For more than two hours, the group met in the futon-lined public area of Kinoma's offices. According to attendees, Hoddie gave a sales pitch, but not much more. When asked for details on the technology they'd be using for Connect, Hoddie declined to provide them, and the meeting turned contentious before breaking up, employees said.
Programmers went to work on the project, intended to be Sony's answer to Apple's iTunes. But the tone had been set for a dysfunctional mix of politics, programming and pique that would prove deeply destructive to Sony's digital music ambitions. Fourteen months later, a disastrous product launch doomed Sony's latest attempt to catch Apple.
"There were a lot of problems with Connect, but there were some things that could have gone right," said one Sony employee familiar with the project's history, who like most of the insiders interviewed for this story, asked to remain anonymous. "The software was on a trajectory to be okay. But that got wiped out."
The effects continue to resonate inside Sony. On Tuesday, CEO Howard Stringer informed the company that Phil Wiser, a Connect champion inside Sony and chief technology officer for Sony of America, would be leaving effective 2 June, sources close to the company said.
A Sony representative declined to comment for this story, or to provide Sony executives to discuss the company's music business. Hoddie also declined comment.
The effort to reel in iTunes opened the door to Sony's ultimately unsuccessful flirtation with another company's technology -- a relationship that's continued in Kinoma's oversight of Sony's highly touted eBook Reader project.
Why did the electronics giant turn so uncharacteristically to an outsider for technology so critical to its future?
Past and present insiders at Sony say Apple's meteoric rise in music has left top Sony executives with both respect and envy for Apple's products, even while they resist becoming dependent on Microsoft's digital music technology.
Kinoma and Hoddie appealed to their envy of Apple and their aversion to Microsoft.
From QuickTime's creation to Sony's secret weapon
Hoddie is far from a household name. But he's well known in digital media circles.
Before striking out on his own, Hoddie spent ten years at Apple, serving as team leader and chief architect of the company's early QuickTime multimedia software project. People who worked at Apple during that time say much of the early code was Hoddie's, and in the days before it was ported to the Windows platform in 1994, he was one of the only people at Apple to have a full picture of the software's code base.
"He was an absolutely brilliant individual, and one of the great treasures of Apple," said Jonathan Hirshon, a technology marketing consultant who served as a technology evangelist on Apple's QuickTime team.
In early 2000, Hoddie created Generic Media, a streaming media company that included Sony among its investors. In 2002, that was succeeded by another multimedia software company, Kinoma, founded with two former Apple colleagues.
Kinoma's announced products today are a digital media player, a photo album and a media manager aimed at people who use media on portable devices, particularly Palm-based handhelds and Sony's PlayStation Portable. Kinoma consults for outside companies and has worked with Sony on smaller projects.

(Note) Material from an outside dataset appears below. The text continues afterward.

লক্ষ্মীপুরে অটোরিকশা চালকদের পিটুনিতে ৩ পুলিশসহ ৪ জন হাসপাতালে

But its crown jewel is a code base called FSK, a new system for handling multimedia files as they're transferred online, to PCs and between handheld devices.
Hoddie's history at Apple made him appealing to Sony executives who felt Steve Jobs stole a digital music crown that was rightfully theirs. By early 2005, he could demonstrate prototype digital music software dubbed KTunes, which was based on FSK. It seemed to provide a way to jump-start Sony's own digital music effort.
But the project, said one high-level Sony insider, was an "unmitigated disaster".
FSK was not a mature technology, according to critics, and lacked most of the documentation sought by Sony programmers working with the system. It wasn't designed to integrate with Sony's existing Web or commerce systems, and wasn't based on the HTML or XML standards used by traditional Internet applications, so it required significant work to build almost any feature.